Today, Lindauer sells over a thousand products from some 300 manufacturers. His inventory goes beyond sauces to include seasonings, relishes, and snacks with clever names, oddly-shaped collectible bottles, celebrity-endorsed offerings, along with concoctions that are so blisteringly hot customers must sign a liability waiver upon purchase.

Prices run from $4 for El Yucateco brand sauces to $300 for hand-signed, limited-edition bottles of Blair's 16 Million Reserve, the hottest chili powder extract known to man. Lindauer and his two full-time employees operate out of a Midtown office in New York City.

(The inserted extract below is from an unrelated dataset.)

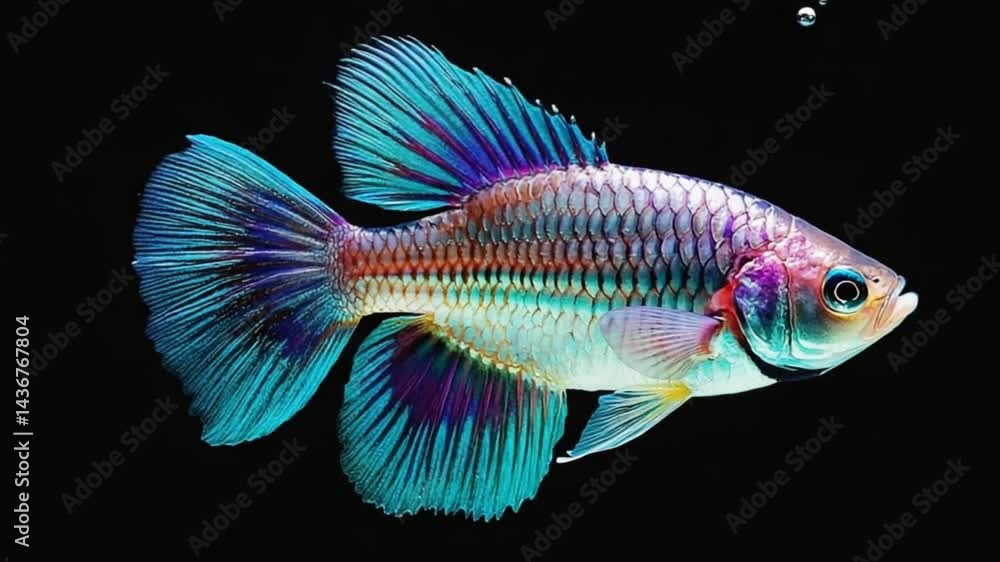 Vibrant Betta Fish in Aquarium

In 2005, the business grossed around $130,000. He forecasts $200,000 in 2006.

HOT BLOG.  Lindauer says he owes much of his success to his blog, where he dubs himself "Sultan of Sauces," and offers the hot sauce community news, reviews, recipes, contests, and interviews with prominent vendors.

He explains that the blog is a separate entity from his online shop—it has its own domain name and advertising—but it helps build his credibility and drives traffic to his store through a few strategically placed links on its navigation bar. Lindauer also establishes relationships with many of his vendors in person at industry events and helps in the creation of smaller manufacturers' sauces before they go to market.

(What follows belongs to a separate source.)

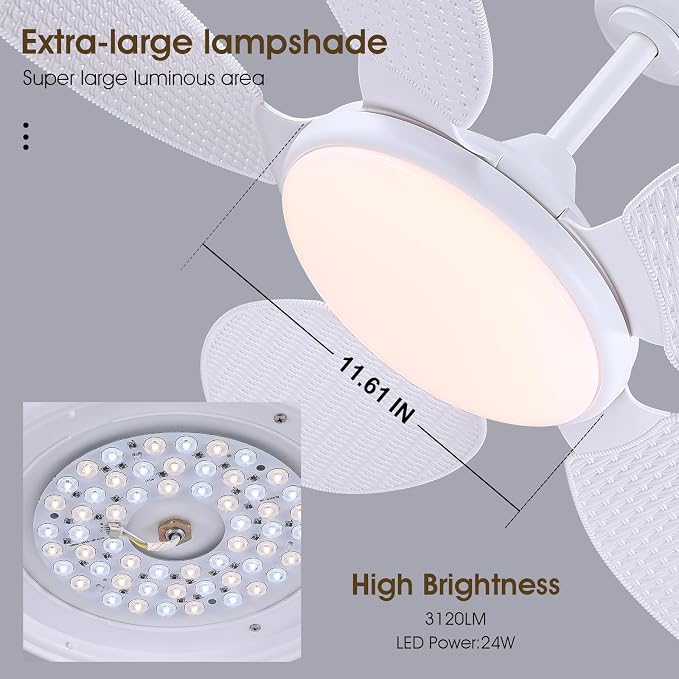 48"White Tropical Style Palm Leaf Ceiling Fans with Lights and Remote & APP | Supports Remote and APP, 6 Wind Speeds, Reversible, Dimmable 3CCT LED, 35W Quiet DC Motor,Suits for Bedroom Kitchen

Making a living from hot sauce wasn't his original goal, says Lindauer, a longtime champion of spicy foods and an avid collector of exotic hot sauces. The whole enterprise was more a labor of love. "I got really into collecting and decided if I'm doing this, there's got to be other people out there doing it," he says. He figured they'd want a place to trade opinions, and perhaps order a hard-to-find bottle.

A SAUCE SUBCULTURE.  Lindauer was right. At industry gatherings like the annual National Fiery Foods and Barbeque Show, in Albuquerque, N.M., he discovered a subculture of superhuman eaters who call themselves "chileheads;" a class of connoisseurs with a passion for rare and intense hot sauces.

Lindauer felt right at home. He had also stumbled onto an industry that is worth close to $2 billion, according to the estimate of leading spicy foods authority Dave DeWitt, editor of Fiery-Foods & BBQ magazine.

Lindauer is now making plans to open a brick-and-mortar shop, even though he and experts in the industry acknowledge that the niche market is too small to make it a sure success. "You've got to sell a lot of hot sauce to pay rent in Manhattan," says Dave Hirschkop, owner of hot sauce and specialty foods manufacturer Dave's Gourmet, one of Sweat 'N Spice's premier brands.